Os exames endoscópicos nem sempre identificam
a presença do corpo estranho. Nessa ocasião, os
pacientes podem ser equivocadamente rotulados
de somente sofrerem traumatismos na mucosa do
tubo digestivo ocasionados pela passagem do corpo
estranho deglutido.2 A persistência das queixas com
exames endoscópicos sem a presença do corpo estranho pode ser indício de migração.4 Nesses casos,
exames radiológicos são fundamentais. A radiografia de pescoço, apesar de questionável por sua baixa
sensibilidade em diagnosticar a presença do corpo
estranho e pela eventual simulação ocasionada pela calcificação das cartilagens laríngeas, constitui o
exame radiológico inicialmente utilizado.5,6
A tomografia computadorizada de pescoço tem
maior eficácia em diagnosticar a presença de corpo
estranho quando comparada à radiografia. Também
tem relevante importância nos pacientes persistentemente sintomáticos em que a radiografia e os exames endoscópicos não detectaram anormalidades.

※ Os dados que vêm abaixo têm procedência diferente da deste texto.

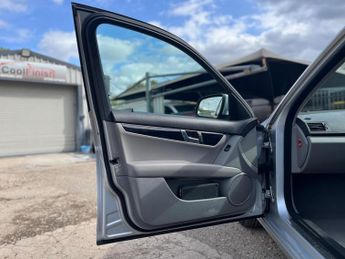 Mercedes-Benz C Class 2.1 C220 CDI SE Auto Euro 4 4dr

É indicada também nos casos de corpos estranhos
migratórios aventados ao exame radiológico e que
necessitam de confirmação da sua localização e relação com estruturas adjacentes e de possíveis complicações visando ao tratamento cirúrgico.3,6
O tratamento por intervenção cirúrgica para exploração cervical com abordagem externa visando
à remoção do corpo estranho migratório é a modalidade terapêutica de escolha, sobretudo nos casos
com dor persistente, abscessos e com penetração
do corpo estranho migratório em grandes vasos
cervicais e órgãos, por exemplo, a glândula tireoide.3,6 Nos casos de difícil identificação intraoperatória do corpo estranho migratório, mesmo com a
prévia realização da tomografia computadorizada,
a utilização da fluoroscopia pode ser valiosa.1 Por
fim, um alto nível de suspeição de corpo estranho
migratório e exames de imagem são necessários
na realização do diagnóstico dessa doença. No
presente relato de caso, a radiografia de pescoço
mostrou-se útil, por voltar a atenção dos autores
para a doença em tela após a realização de exames
endoscópicos sem achados de corpo estranho. O
tratamento cirúrgico é o de escolha e, neste caso,
foi realizado para a remoção do corpo estranho e a
rafia do vaso cervical transfixado pelo objeto ingerido. Uma boa interação multidisciplinar foi fundamental na condução desse caso.